State officials and insurers estimate that perhaps 4 million motorists statewide, or roughly 20 percent of the total, drive without coverage. Many of the drivers are concentrated in high-risk inner-city areas, where the uninsured rate exceeds 80 percent.

These drivers, often the poorest motorists who live in areas where insurance premiums are highest, are the target of the new program. But they aren't lining up to buy the policies.

Doug Heller of the Santa Monica-based Foundation for Taxpayer and Consumer Rights, a sponsor of the original legislation, said the state has failed to adequately advertise the program.

"The chief problem is that you've got probably 500,000 drivers in Los Angeles and San Francisco counties who would qualify for this low-cost program, but very few of them even know that it exists. There's been no outreach," he said.

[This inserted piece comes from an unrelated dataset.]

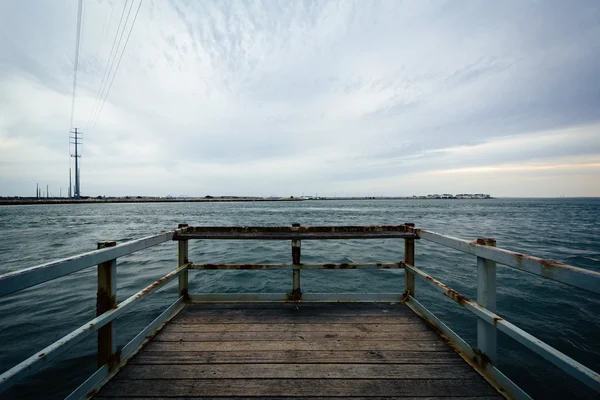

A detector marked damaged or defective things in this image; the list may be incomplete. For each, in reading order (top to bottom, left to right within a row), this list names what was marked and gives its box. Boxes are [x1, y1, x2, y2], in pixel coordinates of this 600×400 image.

"They have these billboards in low-income areas that say, 'Need low-cost auto insurance? Call this number,' but they never say the program is backed by the state of California. People think it's some private agent," he added.

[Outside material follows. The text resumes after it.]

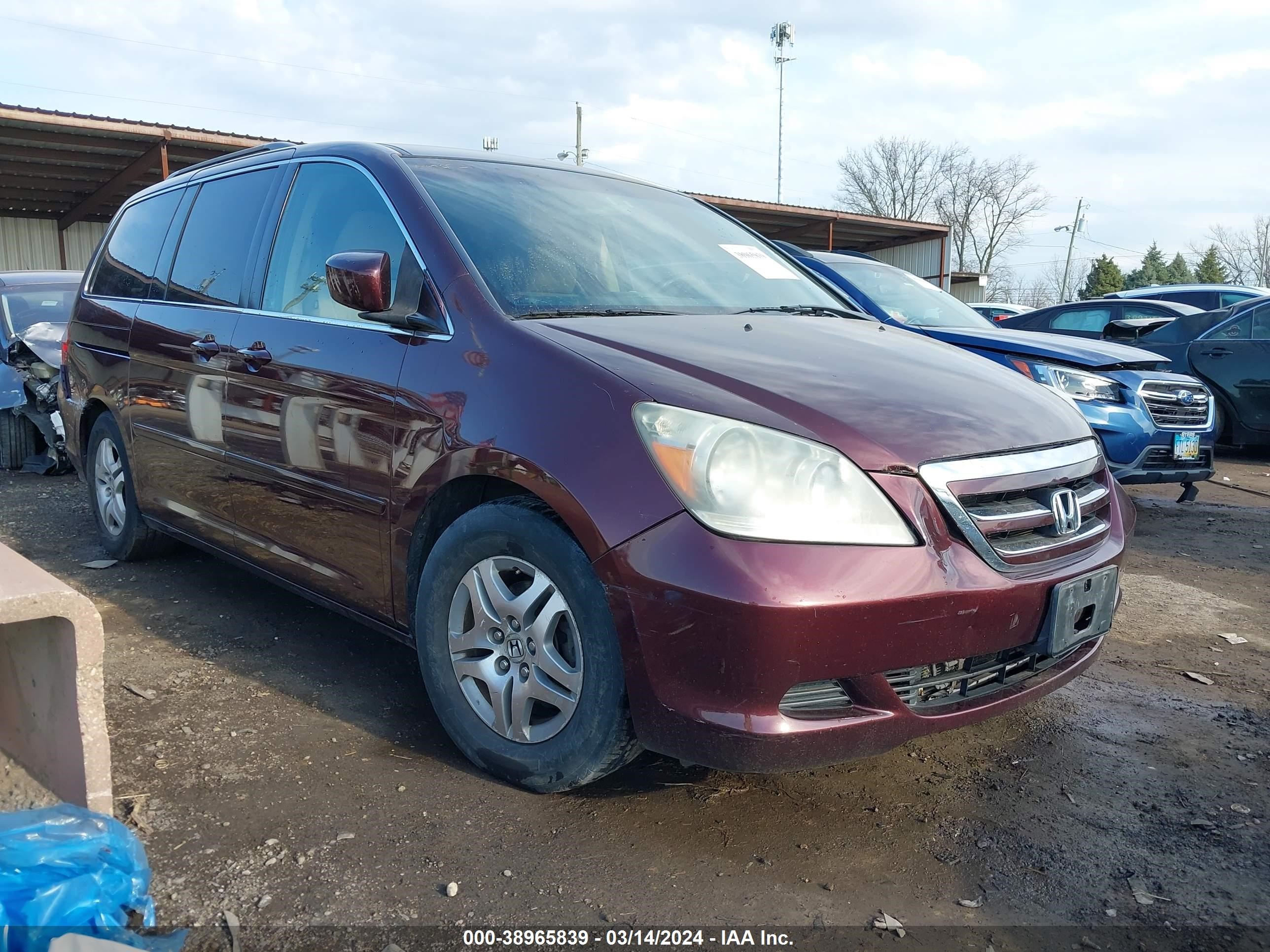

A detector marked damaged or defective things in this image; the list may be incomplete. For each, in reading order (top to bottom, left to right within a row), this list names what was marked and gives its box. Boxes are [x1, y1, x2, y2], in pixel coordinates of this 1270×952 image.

damaged vehicle [0, 272, 78, 473]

The low-cost program is administered by the California Automobile Assigned Risk Plan, a pool set up by insurers to provide auto insurance to high-risk drivers who can't get coverage from conventional companies.

An advisory board, which includes a number of insurers, gives broad direction to CAARP and is controlled largely by the Department of Insurance.

For good drivers over 25 years of age, the no-frills policies cost $450 a year in Los Angeles and $410 in San Francisco, with a 25 percent surcharge for single male drivers under 25 years of age. The policies provide $5,000 for personal liability, $10,000 for multiple liability and $3,000 for collision damage.

In conventional policies, the minimum coverage is $15,000, $30,000 and $5,000 respectively.

The new policies are intended to go to low-income families who make 150 percent or less of the federal poverty level, or about $21,000 a year for a family of three.

But insurers note customers can get better coverage for the same amount spent on the low-income plans.

"Sure you can. In certain parts of L.A. or San Francisco, you can spend an equal premium for more coverage, or even less in premium for more coverage. That's what shopping around is all about," said Jerry Davies, a spokesman for the Personal Insurance Federation of California, a trade-lobby group that includes State Farm and Farmers.